Gotvand is an embankment dam on Iran’s only navigable Karun River which is 950 kilometers long and runs from Zardkuh mountains in the southwestern Province of Chaharmahal and Bakhtiari down through the city of Ahvaz. The increased salinity of Karun River poses an environmental challenge to the region, which has been struggling with fresh-water shortage in recent years.

“The dam is a colossal engineering mistake, and those responsible for this blunder must be held accountable,” Mr. Ghomeshi said. A report by the University of Tehran Research Institute has also described the Gotvand Dam as a “national mistake.”

The dam is a legacy of failure by three consecutive governments. The government of Ali Akbar Hashemi Rafsanjani (who was president from 1989 to 1997) finalized the preliminary planning for the dam. Its construction started during President Mohammad Khatami’s first term in office (1997–2005), and its first operational phase was commissioned in 2012 by the government of President Mahmoud Ahmadinejad (2005- 2013).

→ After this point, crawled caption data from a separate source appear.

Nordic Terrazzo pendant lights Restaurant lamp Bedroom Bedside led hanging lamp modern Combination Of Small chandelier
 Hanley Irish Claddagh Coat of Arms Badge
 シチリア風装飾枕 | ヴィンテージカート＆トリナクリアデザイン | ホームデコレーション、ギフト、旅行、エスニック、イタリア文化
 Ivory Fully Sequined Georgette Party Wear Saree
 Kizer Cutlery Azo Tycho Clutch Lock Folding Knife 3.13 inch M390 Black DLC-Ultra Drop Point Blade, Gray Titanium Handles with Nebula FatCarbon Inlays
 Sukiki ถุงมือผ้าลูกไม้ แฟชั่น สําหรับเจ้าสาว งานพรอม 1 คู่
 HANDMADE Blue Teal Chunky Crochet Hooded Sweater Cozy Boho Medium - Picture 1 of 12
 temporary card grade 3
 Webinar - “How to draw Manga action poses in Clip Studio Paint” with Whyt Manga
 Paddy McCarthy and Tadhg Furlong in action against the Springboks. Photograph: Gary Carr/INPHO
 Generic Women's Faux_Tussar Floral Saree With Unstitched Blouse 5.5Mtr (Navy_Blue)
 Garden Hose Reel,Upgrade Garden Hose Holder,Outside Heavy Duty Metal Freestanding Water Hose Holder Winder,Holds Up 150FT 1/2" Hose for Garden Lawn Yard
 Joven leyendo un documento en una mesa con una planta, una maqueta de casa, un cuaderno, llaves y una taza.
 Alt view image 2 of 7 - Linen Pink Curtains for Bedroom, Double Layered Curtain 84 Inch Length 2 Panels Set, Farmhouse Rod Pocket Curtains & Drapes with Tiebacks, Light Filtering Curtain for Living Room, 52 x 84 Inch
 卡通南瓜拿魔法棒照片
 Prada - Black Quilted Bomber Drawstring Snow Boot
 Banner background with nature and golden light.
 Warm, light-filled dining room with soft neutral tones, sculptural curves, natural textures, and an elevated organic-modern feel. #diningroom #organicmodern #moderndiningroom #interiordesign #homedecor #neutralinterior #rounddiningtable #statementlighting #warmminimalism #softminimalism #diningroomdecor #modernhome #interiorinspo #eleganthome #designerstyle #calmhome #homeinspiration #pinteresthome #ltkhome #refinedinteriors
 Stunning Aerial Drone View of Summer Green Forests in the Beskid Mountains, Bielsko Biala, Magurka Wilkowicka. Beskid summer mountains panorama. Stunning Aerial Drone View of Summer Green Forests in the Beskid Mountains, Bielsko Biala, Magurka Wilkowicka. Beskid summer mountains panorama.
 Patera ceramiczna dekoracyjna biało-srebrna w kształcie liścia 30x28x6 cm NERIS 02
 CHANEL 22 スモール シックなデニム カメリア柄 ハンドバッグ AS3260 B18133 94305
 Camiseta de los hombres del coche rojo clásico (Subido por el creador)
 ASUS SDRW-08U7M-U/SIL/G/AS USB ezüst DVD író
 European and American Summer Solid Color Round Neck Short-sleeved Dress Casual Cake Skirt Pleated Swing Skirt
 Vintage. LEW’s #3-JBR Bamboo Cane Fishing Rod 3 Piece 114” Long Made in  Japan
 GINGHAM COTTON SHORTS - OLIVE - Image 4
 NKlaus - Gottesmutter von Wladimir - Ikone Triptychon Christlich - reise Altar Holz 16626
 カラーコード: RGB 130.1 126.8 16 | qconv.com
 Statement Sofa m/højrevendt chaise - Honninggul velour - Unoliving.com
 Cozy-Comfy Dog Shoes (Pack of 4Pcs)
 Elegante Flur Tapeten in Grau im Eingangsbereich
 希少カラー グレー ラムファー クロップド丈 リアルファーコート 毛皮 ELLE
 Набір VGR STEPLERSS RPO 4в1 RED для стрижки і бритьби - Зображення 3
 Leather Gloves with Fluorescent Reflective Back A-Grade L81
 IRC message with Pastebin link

The government awarded the contract for the construction of Gotvand Dam to the Tehran-based Mahab Ghodss Consulting Engineering Company. The dam project drowned 60 villages in the counties of Masjed Soleyman and Lali. Iran’s Water and Power Resources Company (IWPC) has not compensated the residents of the villages that have been submerged. The high concentration of salt in the water has also affected the 370,000 hectares of agricultural lands.

“The amount of salt deposit in the Gotvand Dam has more than tripled in the past seven years,” Mr. Ghomeshi said. “A geological survey by the Mahab Ghodss Consulting Engineering Company showed that 18.9 percent of the soil in and around the dam is the salt deposit. That’s about 120 million tons of salt seeping into the water reservoir. The engineers tried to reduce the seepage of salt into the reservoir through the application of a plastic clay blanket in the dam. However, the measure failed during the first phase of the operation.”

“There is a massive salt deposit at the bottom of Gotvand Dam’s water reservoir which will cause serious problems if left untreated,” said Mohammadali Akhundi, a faculty member at Shahid Chamran University’s School of Water Engineering. “The province’s water problem is not limited to Gotvand Dam. The multi-phased Ghadir project, designed to supply water from the Dez River to cities of Khorramshahr and Abadan, also poses serious challenges to the province. We can’t abandon the dam at this point, but must find a scientific and technical solution to the problem.”

Mohammad Kashefipour, the head of Shahid Chamran University’s Environmental Group, said: “The Ministry of Energy has decided that removing the salt deposit from the water reservoir is the only way to tackle this problem. The IWPC is, however, managing the dam for only a short period, and therefore it is not in its financial interest to undertake a massive removal and transfer of salt deposit from the reservoir.”